My Name is Robert Winslow and I have been teaching since 1982.  My first experiences were in private music instruction where the teacher pupil ratios are one to one.  As I expanded my teaching into the classroom I have striven to keep the students’ individual needs foremost in my mind.  Toward this end I have adopted the commonalities of twenty-five years of experience while developing strategies to make those common elements assessable in a larger venue. Conceptualization of learning
Students need to acquire a love of learning, and become life-long inquisitive individuals.  For music, this means loving the sound in their ears, and the meaning of the sound in their minds.  It doesn’t matter whether it is “traditional” music or something else.  It is the timbre and architecture of sound and form that will captivate their mind, and bring them back again and again to the basic components, and the process of how music is put together in the first place. This can be accomplished by incorporating a listening component as part of every class.  The music classroom should as comfortable as possible, incorporate the latest advances in music software and hardware and be soundproofed.  Sequencing, notation, music theory, sound manipulation are all technological areas where innovations occur almost on a daily basis.  I was the first in Pinellas County to introduce the first viable music notation software to the county's music teachers, and it is still the software of choice today.  Musical situations need to occur that will allow the student to utilize the knowledge all ready obtained, either in performance or in music analysis in the classroom.  For example, the class: will study modulations to closely related keys; write those modulations in class; listen to  a short section of music that stays in the tonic key; listen again only this time with a modulation; sing along with the bass line; draw conclusions about the modulation; repeat with more examples. 
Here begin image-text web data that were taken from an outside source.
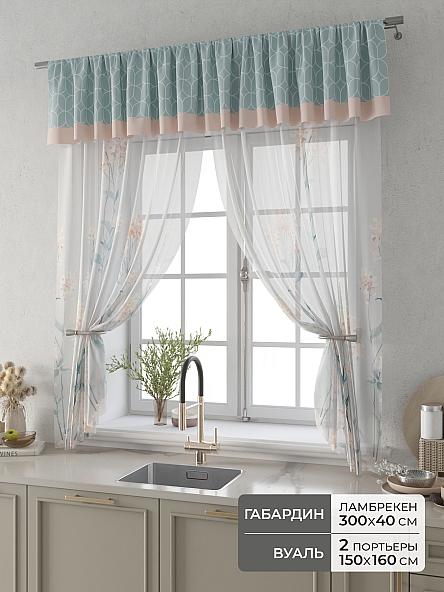 Комплект штор Фленто - 88 - 160 см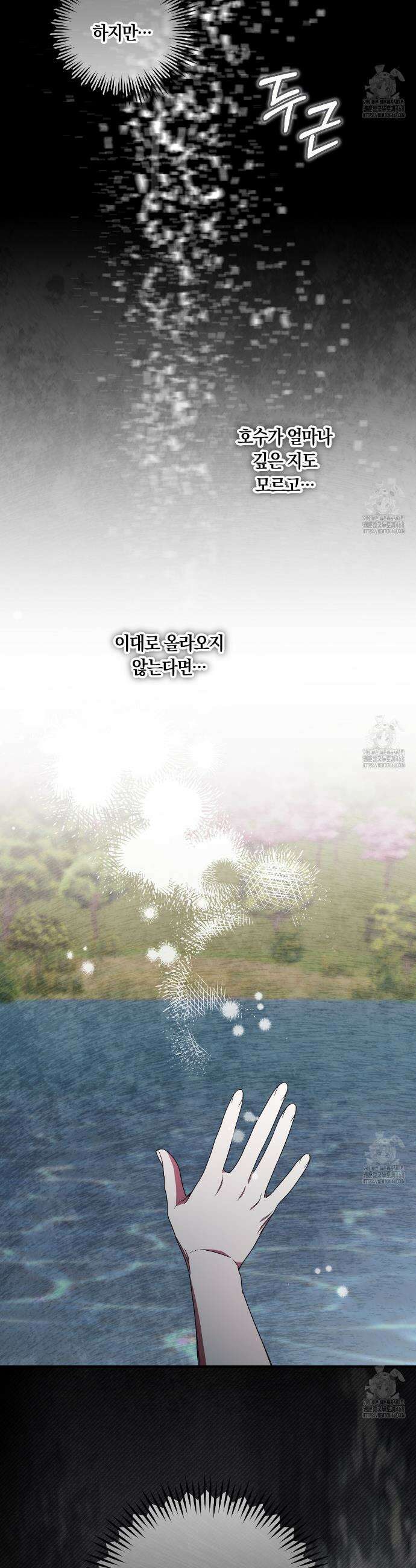 나의 파멸을 바라는 그대들에게 100화 3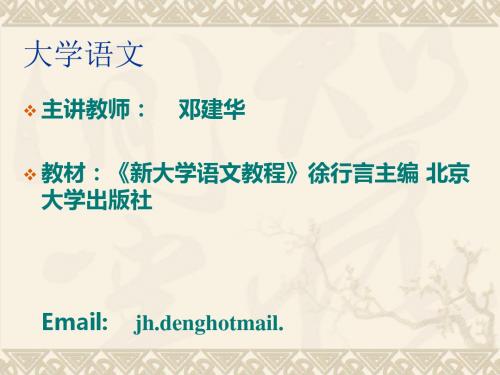 大学语文第一讲 《诗经》 共69页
Conceptualization of teaching
Following the compositional practices of the great giants of the past, as pertaining to harmony, form, choices of lyrics and text where appropriate, texture and orchestration, I will encourage my students to critically study the scores and styles of music that have stood the test of time.  I will further encourage them to incorporate their study into the performances of the same works, and into compositions of their own.  All written work will be performed and critiqued in class as to part writing procedures (objective), esthetic beauty (subjective) and scope of work.  

Goals for students
Students can expect to become knowledgeable about the mechanics of music, and the esthetic and intrinsic value that music brings to them as well as to the community.  I want them to become adept at conversing freely about the lives of historical and living composers, compositional styles, critical analysis of music (form, harmony and melody, texture) and performance, and orchestration and orchestration techniques.  The ultimate goal for the music student is to become a performer who can hear and understand what is transpiring in a piece of music, and to let their analytical instincts help them to react while performing.  As this goal is involved in a lifelong pursuit for excellence, and many students will move along this timeline at varying rates of speed, the reasonable goal is for students to obtain a thirst for wanting to comprehend the gestalt of the music.  To have accomplished that is to accomplish a pattern of learning that will compel the students to always search for the meaning behind the love of sound as they advance to the upper levels of their baccalaureate quest and to demand nothing short of excellence and total understanding of whatever they choose to do in the realm of music. 

Implementation of the philosophy
There are several mechanisms with which to implement my philosophy.  Class work would consist of: 1) historical observations,  2) analytical practices and techniques, 3)class trips to local recording studios, 4) listed opportunities to attend concerts at our school as well as University of South Florida, University of Tampa, concerts by The Florida Orchestra, The Tampa Bay Symphony Orchestra, and the Master Chorale of Tampa Bay.  The student lounge in the music library would provide a place for students to listen to music, study their assignments in a peer-to-peer setting, and work on analyses in teams. 

Professional growth plan
In order to provide professional growth for myself, I would network with other professional musicians through joint concerts, pit orchestra engagements, membership in the Society for Music Theory, accompanying and coaching other teacher’s students through master classes.  As the past accompanist for the Master Chorale of Tampa Bay, I am able to talk with many teachers in our bay area secondary school systems, thereby getting a feel for the next freshman class’s capabilities and direction.  I will keep up with learning strategies, employ current technological trends in the presentation of music and attend professional organizations symposia.